The final driver is the consumption economy. Many consumers worry about their consumption patterns, which are reflected in trends running from increased obesity to the use of shopping carts in department stores. Consumers' sense that they do not have control over their own consumption habits may be one reason that levels of happiness have not increased along with the GDP in most countries. And the social and environmental fallout from this economy is severe, especially in the developing world. Many consumers prefer to purchase from companies that do not compound these problems or that make a proven contribution to their solution.
All these factors direct consumer attention to mission-driven companies. And when consumers care about the broader attributes of companies, social and environmental performance becomes a vital competitive asset.
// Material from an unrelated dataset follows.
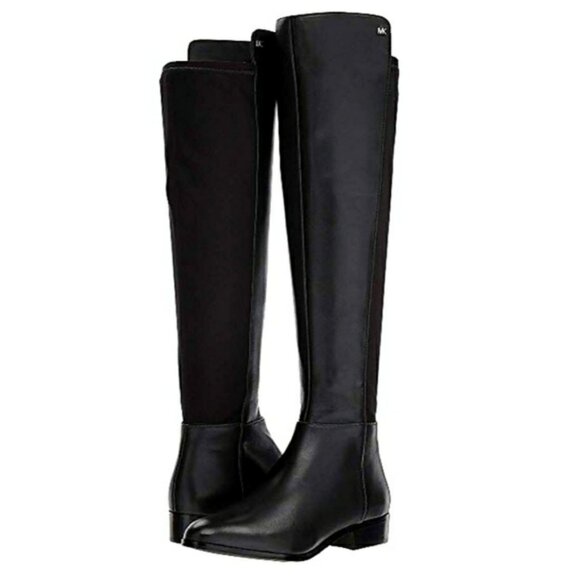 Womens MK Michael Kors Black Mixed Media Leather Textile Over The Knee Boots 8 - Picture 1 of 16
Different by Design: Social and Environmental Differentiation
In the marketplace for enlightened consumers, innovative social and environmental practices that confer authenticity on the company and supply chain practices that break new ground in reducing social and environmental footprints are the keys to success. And this distinctiveness goes above and beyond the types of goods and services sold. That is, the differentiation pursued by mission-driven companies depends less on the product or service itself than on the social and environmental practices and policies of the company. And this form of differentiation erects a barrier to imitation by larger companies, where entrenched constituencies can view social and environmental initiatives as an additional burden or costly distraction.